FOUNDATIONS OF CURRICULUM
3a i). Analyze the complexities of the various foundations of curriculum
FOUNDATIONS OF CURRICULUM
This section provides studies on foundations of curriculum. The cordinal principle in foundations of curriculum is that in a democratic society such as Kenya, education should develop in an individual knowledge, attitudes, skills and powers whereby the individual would find his place in the society and be able to use the foundations to shape both himself and the society for noble ends.
You will find in this, statements of the aims of education with specific objectives based on a set of beliefs of society.
Objectives of Foundation of Curriculum
At the end of this perambulation on foundations of curriculum, you should be able to:
- Define major terminologies used in foundations of curriculum
- Name major foundations of curriculum in development
- Discuss how foundations of curriculum influence Kenyan’s decision-making and policy on education.
- Identify various ways in which foundations of curriculum are used in Kenya.
- Suggest ways and means of how to develop and utilize Kenyan’s resources in curriculum development
- Identify strengths and weakness of Kenya’s 8:4:4 system of education in line with foundations of curriculum.
Purposes of Foundations of Curriculum
According to Bishop (1985), the main purposes of foundations of curriculum are to:-
- Preserve Cultural Heritage
- Control Direction and Size of Education
- Assist in Designing Curriculum
- Use for Selecting Curriculum Aims, Goals and Objectives
- Use for Identify Curriculum Implementation Strategies
- Guide in the Development of Evaluation Instruments
- Used for identifying Innovation Needs
- Used for Cultivating Desired Attitudes, Knowledge and Skills
- Used in policy and Decision Making
Types of Foundations of Curriculum
Philosophical Foundation of Curriculum
- What is Philosophical Foundation of Curriculum?
- How does this foundation influence curriculum practice?
- In what way is philosophical foundation of curriculum the main curriculum source?
- What is the meaning of the following terms as used in philosophical foundation of curriculum: Realism, Pragmatism, Idealism, Existentialism, Axiology, Perennialism, Essentialism, Progressivism and Reconstructionalism?
How can schools promote the ideas of equality and Excellence at the same time?
Philosophical foundation of curriculum refers to the nature of man in respect to his policy to select, design and formulate objectives to develop and evaluate his objectives and evaluate his knowledge, attitudes and skills of man in decision making for situational, society’s and learning needs.
Man also derives his methods of presentation, expression, skills to develop and formation of desirable attitudes from philosophical foundation of curriculum.
Objectives of the lecture on philosophical foundation of curriculum are to:
- Identify major philosophies of education in ancient and modern periods
- Discuss how the major philosophies of education influence curriculum decision making
- Establish the fact that philosophical foundation of curriculum is the centre of all educational activities.
Decisions are made on: communities, societies and learner’s needs.
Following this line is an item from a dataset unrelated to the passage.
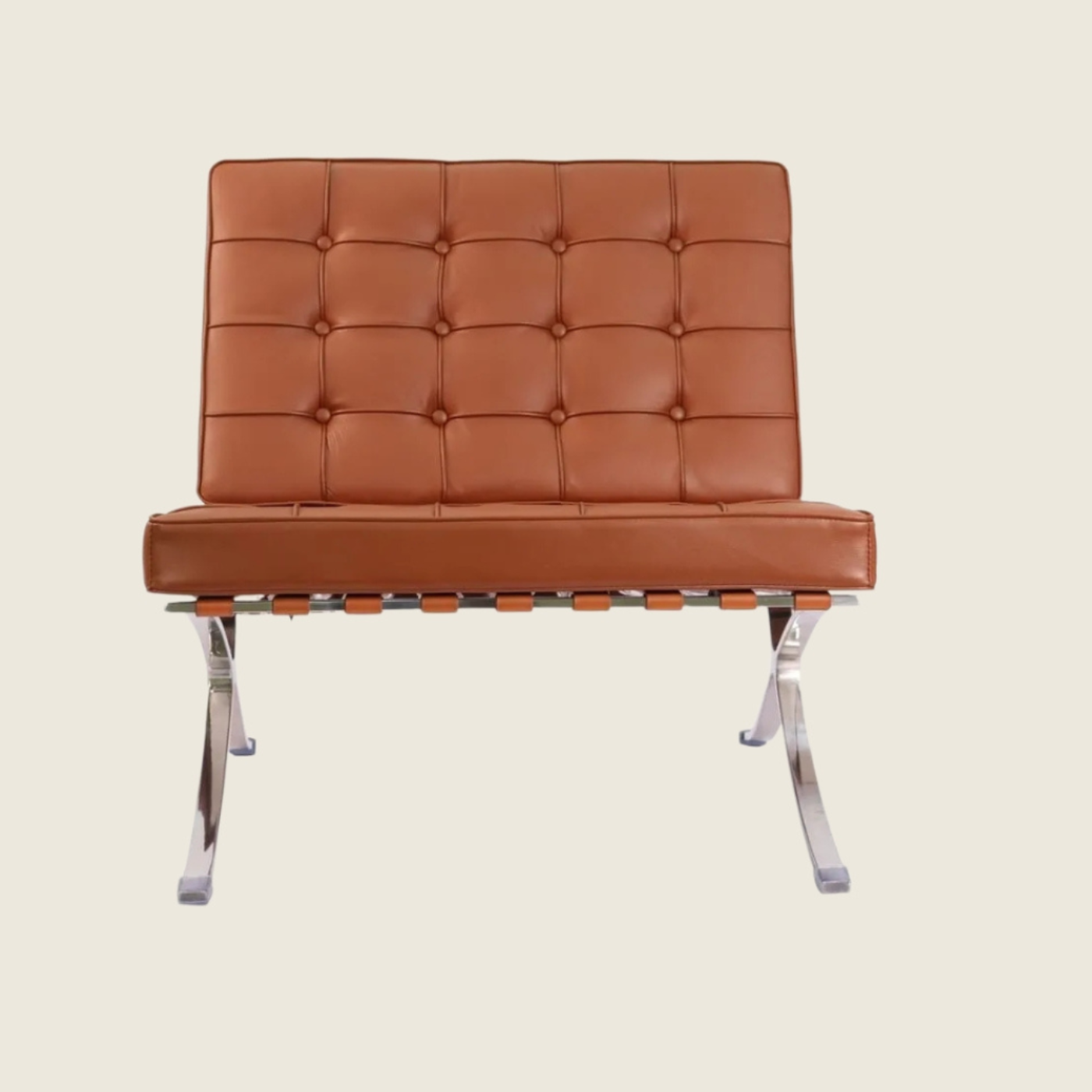 Tan Brown — Barcelona Pavilion Style Lounge Chair, front three-quarter view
Methods of presentation, skills to be developed and desirable attitudes to be formed, require correct decision making derived from philosophy and policy of a country.
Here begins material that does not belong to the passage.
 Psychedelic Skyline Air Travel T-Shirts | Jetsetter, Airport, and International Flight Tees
Philosophy has entered into every sphere of decision making about curriculum and teaching. This view caters for approaches to:
- Formation of education purpose
- Selection of knowledge
- Organization of knowledge, attitudes and skills
- Formation of basic procedures in education and curriculum
- Selection of education resources such as personnel, materials and equipment
- Identification, selection and development of assessment instruments.
Identify areas in which philosophical foundation of curriculum has contributed to Kenyans Education systems since Independence
Tyler’s (1949) view of philosophy in relation to school purposes is based on five criteria for selecting educational purposes
We shall examine four major schools of philosophy, which have guided the writing, organizing and designing of school curriculum. Some of these philosophies are known by names. We shall refer to them as reconstructionism, progressivism, essentialism and perennialism. Reconstructionism is the most liberal of the four philosophies and prennialism as the most conservative. Most educational practitioners have used a combination of essentialism and progressivism in curriculum planning construction.
Pragmatism: this philosophy is sometimes referred as experimentalism, which is based on change process and relativity while idealism and realism philosophies emphasize subject matter, disciplines and content or ideas, pragmatism construes knowledge as progress in which reality is constantly changing. Learning goes on as the student engages in problem solving. The idea of problem solving, is however transferable to a wide variety of subjects and situations, knowing is considered a transaction between the student and environment and are constantly changing.
To a pragmatist nothing can be viewed intelligently except in relation to a pattern.
Idealism: In considering the influence of philosophical thought on curriculum, several classification schemes are possible. The cluster of ideas as organized in idealism, are those that often evolve during curriculum development. Plato is the father of idealist/ philosophy.
Idealism emphasizes moral and spiritual development reality as the drier explanation of the world. Truth and values are seen as absolute, timeless and universal. The world of mind and ideas is permanent, regular and orderly, it represents a perfect order. The idealist educator prefers the order and pattern or subject matter curriculum that relates ideas and concepts to each other.
Realism: Aristotle is often linked to the development of realism, which is another school of thought in philosophical foundation of curriculum. The realism views the world in terms of objects and matter. People come to know the world through their senses and reason. Everything is derived from nature and is subject to its laws. When behavior is relational, it conforms to the laws of nature and is governed by physical and social laws.
Like the idealist, the realist stresses a curriculum consisting of organized, separate subject matter, content and knowledge that classifies objectives. The realist locates the most general and abstract subjects at the top of the curriculum literally and gives particular and transitory subjects a lower order of priority.
They believe that the main aim of education is the disciplining of the mind, the development of the ability of reason and pursuit of truth. Therefore, curriculum should emphasize grammar, rhetoric, logic, classical and modern languages, mathematics and the great books of the truth, which is the same today as it was then and always, shall be. These thinkers add to the curriculum the study of the Bible and Theological writings.
Perennialism can afford education, which is suitable to a small percentage of students who possess high verbal and academic aptitude. The ideal education is not directed to immediate needs, specialization but it is education calculated to develop the mind.
Identify some of the beliefs concerning values that are held by educators who belong to the school of perenialists.